Task: What you give back from the listing below should be an exact copy of the lines from the one with "Blusa Feminina Manga" down to the one with "2pcs Outdoor Mini", and it should contain no pictures.

Study material:
========================================
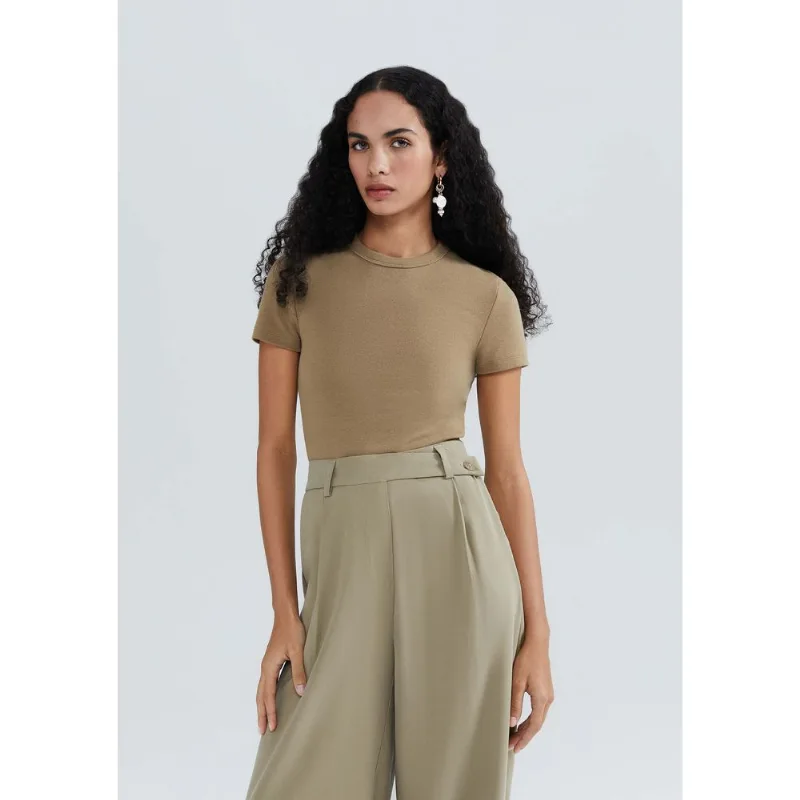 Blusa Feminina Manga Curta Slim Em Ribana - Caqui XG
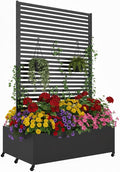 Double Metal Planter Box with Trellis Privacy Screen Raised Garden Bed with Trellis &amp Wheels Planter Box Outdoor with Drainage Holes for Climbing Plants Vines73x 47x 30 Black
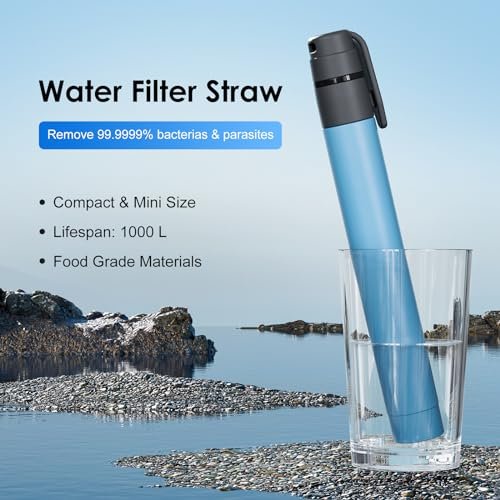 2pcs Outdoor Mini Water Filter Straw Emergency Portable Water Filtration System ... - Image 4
========================================
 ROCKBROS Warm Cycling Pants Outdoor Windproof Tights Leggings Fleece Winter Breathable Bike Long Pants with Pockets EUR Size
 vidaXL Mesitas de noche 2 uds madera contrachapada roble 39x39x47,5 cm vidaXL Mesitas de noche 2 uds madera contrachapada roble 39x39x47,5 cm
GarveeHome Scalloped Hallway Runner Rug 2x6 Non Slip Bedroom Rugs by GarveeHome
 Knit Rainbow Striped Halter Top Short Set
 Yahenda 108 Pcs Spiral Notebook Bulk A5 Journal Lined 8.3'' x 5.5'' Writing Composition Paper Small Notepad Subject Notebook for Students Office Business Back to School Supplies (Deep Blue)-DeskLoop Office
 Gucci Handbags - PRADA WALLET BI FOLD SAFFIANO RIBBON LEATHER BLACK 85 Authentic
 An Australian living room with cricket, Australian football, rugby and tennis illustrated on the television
========================================
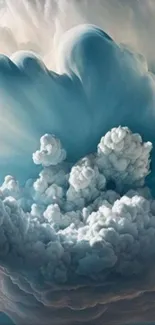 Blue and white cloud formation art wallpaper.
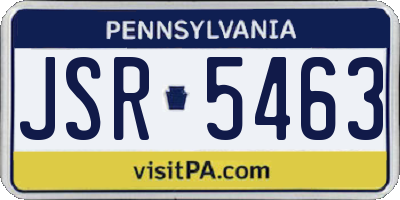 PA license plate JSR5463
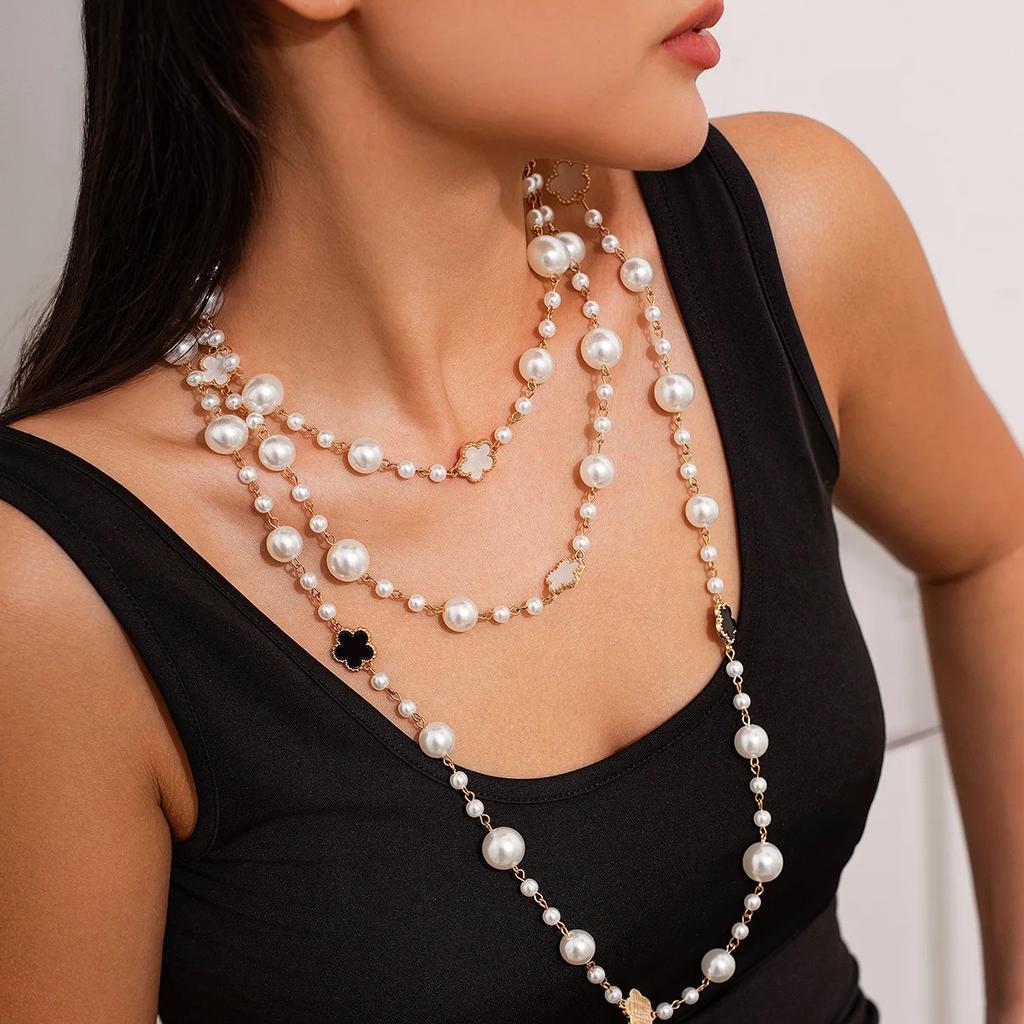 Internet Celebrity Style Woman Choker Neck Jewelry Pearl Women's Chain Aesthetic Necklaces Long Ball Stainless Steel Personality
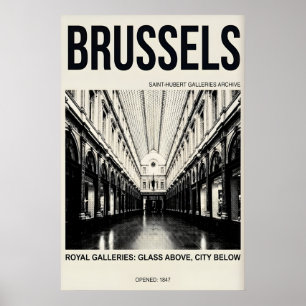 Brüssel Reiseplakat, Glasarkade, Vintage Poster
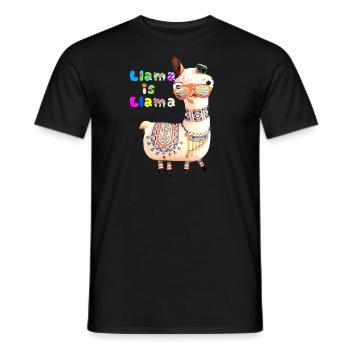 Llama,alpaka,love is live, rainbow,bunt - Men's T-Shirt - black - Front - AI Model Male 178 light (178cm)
========================================
Written reply:
 Blusa Feminina Manga Curta Slim Em Ribana - Caqui XG
 Double Metal Planter Box with Trellis Privacy Screen Raised Garden Bed with Trellis &amp Wheels Planter Box Outdoor with Drainage Holes for Climbing Plants Vines73x 47x 30 Black
 2pcs Outdoor Mini Water Filter Straw Emergency Portable Water Filtration System ... - Image 4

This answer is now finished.